Skipping website and CA and using self-signed certificate?

[ILogOutOnTheToilet]

The "Beginner Tutorial" instructions ask you to create a website and apply for a TLS certificate:
https://xtls.github.io/en/document/level-0/

I managed to get the below example to work with a self-signed certificate and the IP address of my VPS (instead of website) :
https://github.com/XTLS/Xray-examples/tree/main/VLESS-TCP-TLS-WS%20(recommended)

What is the security issue, or any issue at all with this method? Obviously the self-signed certificate I used is not trusted by Windows and Firefox, so I added it to the trusted root or authority and then it works.

There is a warning in the "Beginner Tutorial" saying:

Please do not use self-signed certificates lightly. It does not make the operation much simpler, but adds unnecessary risks (such as man-in-the-middle attacks).

https://xtls.github.io/en/document/level-0/ch06-certificates.html
But how can someone do a man-in-the-middle attack if they don't have my certificate key?

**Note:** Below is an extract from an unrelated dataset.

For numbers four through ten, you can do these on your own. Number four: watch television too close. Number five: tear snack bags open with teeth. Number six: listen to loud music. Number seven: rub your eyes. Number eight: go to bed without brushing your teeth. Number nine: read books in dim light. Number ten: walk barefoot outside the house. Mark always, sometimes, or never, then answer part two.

It is so much more convenient to create a self-signed certificate than to make a website and register a domain name, especially if I am visiting a country with restricted internet for only a few weeks or a month.

[i-eat-helicopter]

I think the doc is talking about using allowInsecure in conjunction with self-signed certificates. In that case, it can be MITMed quite easily. Using a locally trusted root CA might invalidate this particular scenario, but the domain owner can still MITM you, that's for sure, since they can just get a valid cert from letsencrypt.

[ILogOutOnTheToilet]

Thanks, so it seems MITM is not possible for self-signed certificates as long as I don't have allowInsecure? So in this case, self-signed certificate with the IP of my VPS is actually more secure? I did not pass allowInsecure at all in the client or server config, so I assume the default is false since default bool is false in Go:

Xray-core/infra/conf/transport_internet.go

Line 398 in ab5d7cf

Insecure bool `json:"allowInsecure"`

[i-eat-helicopter]

so it seems MITM is not possible for self-signed certificates as long as I don't have allowInsecure?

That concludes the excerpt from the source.